Coreile

Chinese Domain Market Newsletter

Dr. John Kenneth Galbraith passed away ten years ago. He was special because he was an economist who actually lived through the Crash of '29 as well as many recessions after the war. I always remember an interview with him after the .com crash. In the interview, he warned of investors' short-term memory and the stupidity of repeating the same mistake by speculating with borrowed money. Good advice! Here's the post.

September 23, 2016 (Fri)

A personal experience related to Chinese domain names


I just experienced an issue that can be said about Chinese consumers when they try to remember domain names. Recently our car finally rested in peace and a friend was generous enough to lend a car to us for a while. After the car was delivered to us today, it presents a new challenge for us: a different car license number to remember (yes, where we live there are occasions when we need to tell people our car license number). The number is HJD555.

While 555 is quite straight forward to remember, I find HJD difficult. I'm sure I'll forget it by this time tomorrow. So my wife suggested to try to give some meaning to the number. As an enthusiast in Chinese domain names, I instinctively wanted to split the license number into two parts -- HJD and 555 -- and apply what I have learned about creating Chinese meanings for domain names.
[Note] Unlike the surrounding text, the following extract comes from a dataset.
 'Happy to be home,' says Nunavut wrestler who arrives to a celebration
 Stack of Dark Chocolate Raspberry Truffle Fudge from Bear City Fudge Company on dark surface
To find meaning for HJD, I first checked my database. Unfortunately, it returned nothing. My next tool was the Chinese keyboard. I activated it and entered HJD to get a list of 22 Chinese terms (meanings), such as 还记得 (still remember), 好简单 (fairly simple), and 黄金岛 (golden island).

For 555, I just need to focus on a single 5 and then repeat it two more times. I can't explain it but it seems that we Chinese like to say the same thing three times to emphasize it. Here, 5 rhymes with 舞 (dance), 吻 (kiss), 我 (i), and many more Chinese characters.

The next step is to combine the two parts to form a Chinese phrase with cohesive meaning, and here is the creative process dictated by the purpose of the name. For example, if the name is to be used for a dance school, I may combine HJD (好简单 = fairly simple) with 555 (舞舞舞 = dance, dance, dance) to form a catchphrase: It's simple to dance!

But my purpose is only personal, so I picked HJD (好简单) and 555(我我我) to give the meaning "I'm simple". My wife also chimed in with her suggestion in Japanese: HJD555 (Hara Juku De Go Go Go = Go for it at Harajuku, Tokyo). So, this name is easy for both Chinese and Japanese consumers to remember.

From this simple exercise, you can see that something with a meaning is easier to remember. If a meaningless domain name is given a meaning that enables Chinese customers to associate it with your products or services, then you have a brand. When a domain name becomes a brand, just imagine its value.